Anyway, I believe these photos and the very serious cause suffragists fought for could cause reasonable people to conclude that humor was perennially absent. But then along comes Alice Duer Miller to destroy that stereotype of dour suffragists.
The multi-talented Duer Miller wrote verse for the New York Tribune in a column called Are Women People? Many of these columns were reprinted in her 1915 book with the same title.
Since this is National Poetry Month, I’ll aim to share more of her verse and her life in the next few weeks. (I'm really looking forward to Poem in Your Pocket Day -- April 21.) Here are a couple of selections from Are Women People? to get things rolling.
*Many early suffragists, including Susan B. Anthony, were Quakers, and Quakers were opposed to oath-swearing, so maybe they came up with a clever alternative?
**The lack of smiling faces old photographs isn't merely because of lengthy exposure requirements.
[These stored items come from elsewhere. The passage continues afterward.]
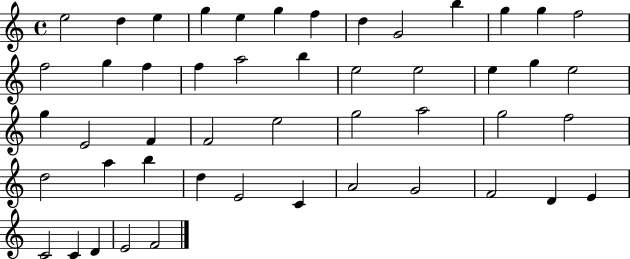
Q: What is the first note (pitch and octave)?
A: E5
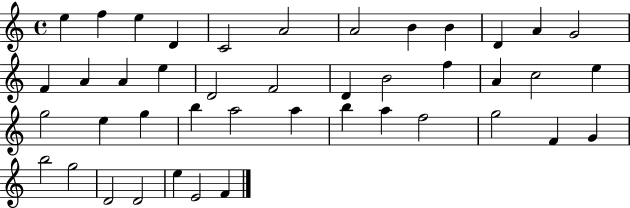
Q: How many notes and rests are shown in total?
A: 43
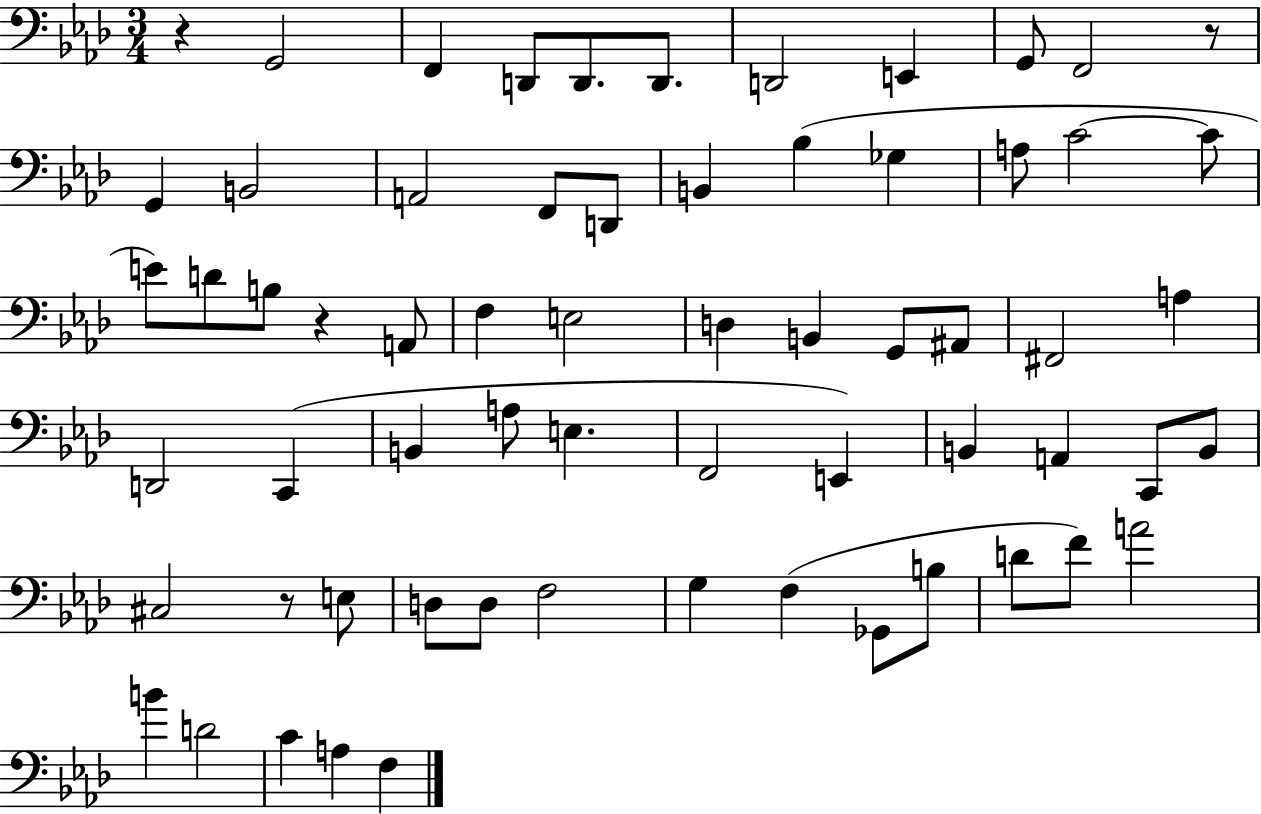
{
  \clef bass
  \numericTimeSignature
  \time 3/4
  \key aes \major
  r4 g,2 | f,4 d,8 d,8. d,8. | d,2 e,4 | g,8 f,2 r8 | \break g,4 b,2 | a,2 f,8 d,8 | b,4 bes4( ges4 | a8 c'2~~ c'8 | \break e'8) d'8 b8 r4 a,8 | f4 e2 | d4 b,4 g,8 ais,8 | fis,2 a4 | \break d,2 c,4( | b,4 a8 e4. | f,2 e,4) | b,4 a,4 c,8 b,8 | \break cis2 r8 e8 | d8 d8 f2 | g4 f4( ges,8 b8 | d'8 f'8) a'2 | \break b'4 d'2 | c'4 a4 f4 | \bar "|."
}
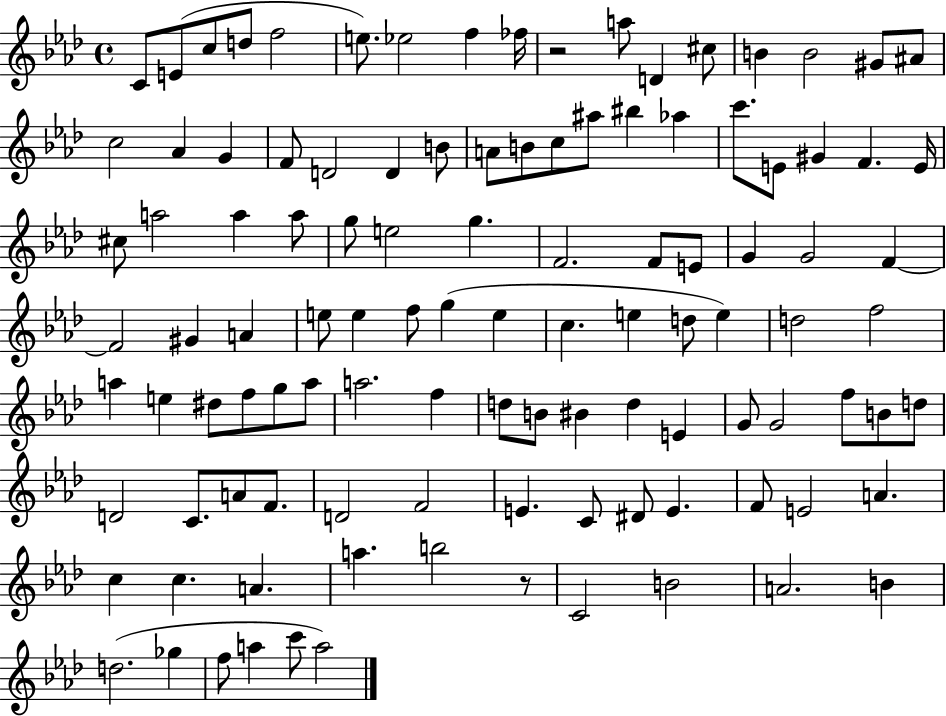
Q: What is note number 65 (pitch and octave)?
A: F5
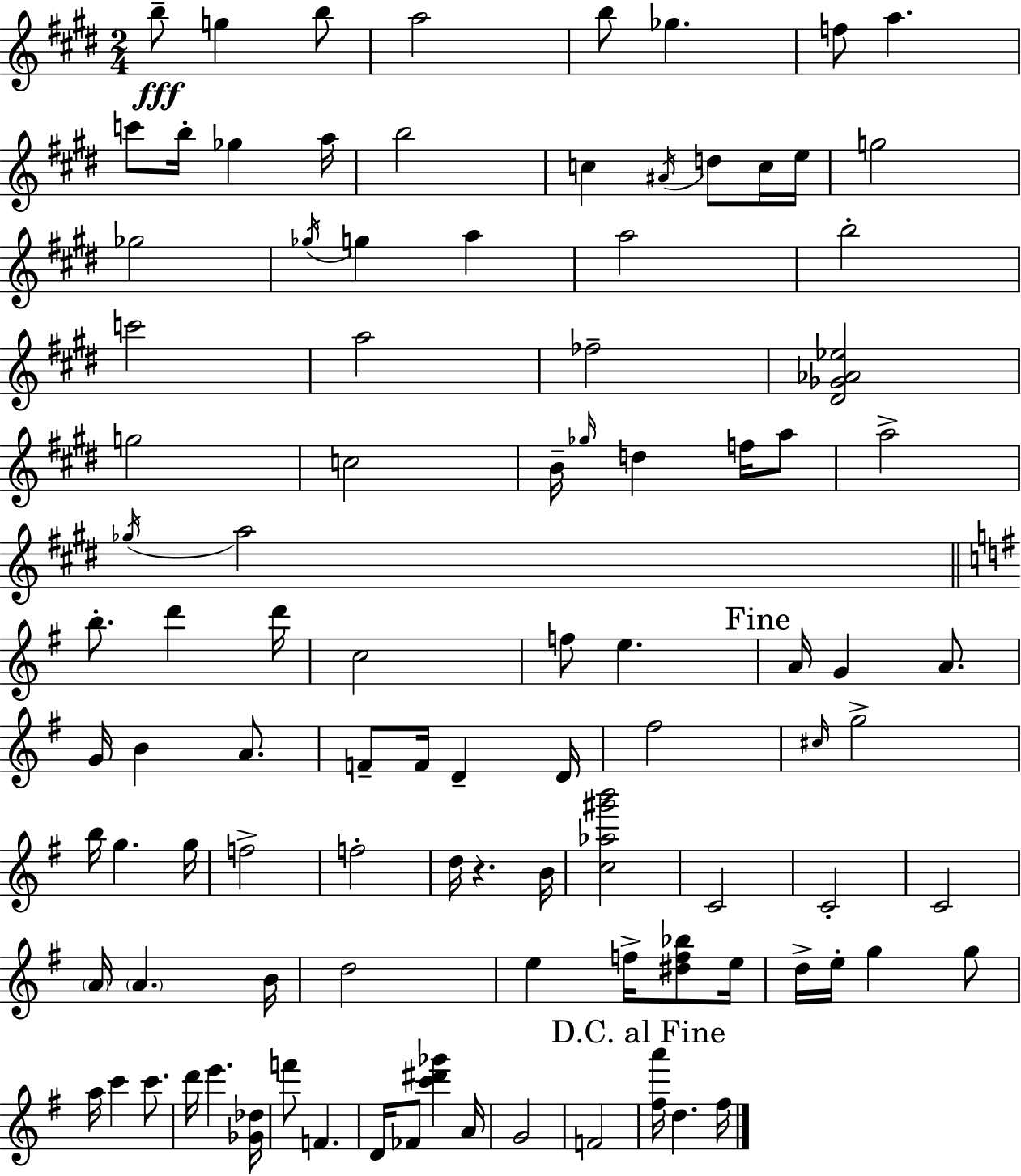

Check out this Smithsonian video and this Guardian article for some context.
***Often referred to as the “The Hoosier Poet” or the “The Children’s Poet,” James Whitcomb Riley was famous in the late 19th and early 20th centuries. Here Duer Miller is riffing on his poem, A Life-Lesson, which begins with these lines:
There! little girl; don't cry!
They have broken your doll, I know …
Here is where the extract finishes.